Hoewel M&M sterke weerleggingen had gegeven met deskundigenrapporten, nam het Hof van Beroep kritiekloos veel van de feitelijke uitspraken over de urgentie en ernst van het klimaatprobleem over. Daarbij vertrouwde het Hof op de autoriteit van het IPCC en de vermeende “consensus” die uit hun rapporten zou voortvloeien, met name de SPM’s (SMP=Samenvatting voor beleidmakers).

Het Hof nam de IPCC-rapporten niet alleen als onweerlegbaar bewijs, maar kende er ook normatieve kracht aan toe. Zo oordeelde het Hof dat klimaatwetenschappers hebben vastgesteld dat de gemiddelde temperatuur op aarde niet meer dan 1,5 graad mag stijgen. Daarmee negeerde het Hof, net als de Hoge Raad, dat de wetenschap geen normen kan stellen en dat wetenschappers niet bevoegd zijn om maatschappelijke standaarden te stellen. De wetenschappelijke tendens van de Nederlandse rechtspraak is uiterst zorgelijk en voorspelt weinig goeds voor toekomstige klimaatgerelateerde uitspraken.

Gevaarlijke klimaatverandering

Een voorbeeld hiervan is dat het Hof tot de alarmistische conclusie komt dat “het klimaatprobleem het grootste probleem van onze tijd is” en dat het gevaar van klimaatverandering groot en zelfs “levensbedreigend” is. Op basis van de niet-feitelijke vaststellingen van feiten en verplichte verwijzingen naar het klimaatakkoord van Parijs, het Urgenda-arrest en de Klimaseniorinnen- uitspraak van het Europees Hof voor de Rechten van de Mens, bevestigde het Hof een recht op bescherming tegen “gevaarlijke klimaatverandering.”

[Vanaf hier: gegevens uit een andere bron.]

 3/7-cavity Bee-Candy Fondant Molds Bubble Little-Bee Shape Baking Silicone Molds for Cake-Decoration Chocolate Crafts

“Bescherming tegen gevaarlijke klimaatverandering,” zegt het Hof, “is een mensenrecht,” zonder enige kanttekeningen of kwalificaties. Het realiseren van dit mensenrecht zal uiteraard ten koste gaan van allerlei andere mensenrechten en belangen, zoals het recht op (of belang in) betrouwbare en betaalbare energie. Onvermijdelijk zal het recht op bescherming tegen “gevaarlijke klimaatverandering” de realisatie van andere “duurzame ontwikkelingsdoelen” schaden. Hoewel M&E dit soort afwegingen uitgebreid had aangekaart, namen de rechters niet de moeite om deze implicaties van klimaatmoraal te behandelen.

Hondenfluitje

Dit nieuwe mensenrecht moet niet alleen door staten worden gerespecteerd, maar ook door grote bedrijven, oordeelde het Hof. In het burgerlijk aansprakelijkheidsrecht vertaalt dit recht zich in een zorgplicht voor bedrijven. Volgens het Hof vereisen de doelstellingen van Parijs maatregelen om de vraag naar fossiele brandstoffen te verminderen en het aanbod van fossiele brandstoffen te beperken. Olie- en gasbedrijven moeten daarom rekening houden met “de negatieve impact op de energietransitie bij het investeren in de productie van fossiele brandstoffen.”

Met deze redenering suggereert het oordeel dat “het redden van het klimaat” sluipende onteigening van olie- en gasbedrijven legitimeert. Dit hondenfluitje ontging de advocaat van FoE niet, die hintte op verdere juridische procedures om de ontwikkeling, uitbreiding en financiering van olie- en gasproductie te voorkomen, verwijzend naar de aanstaande klimaatfinancieringszaak tegen ING, de grootste Nederlandse bank.

Reductiepercentage

FoE verloor de zaak op basis van twee heldere momenten van de rechters. FoE had geëist dat Shell scope 1, 2 en 3 emissies zou verminderen. Met betrekking tot scope 1 en 2 oordeelde het Hof van Beroep dat Shell zich aan dit doel had gecommitteerd en op weg is om het te bereiken, dus die claim werd afgewezen.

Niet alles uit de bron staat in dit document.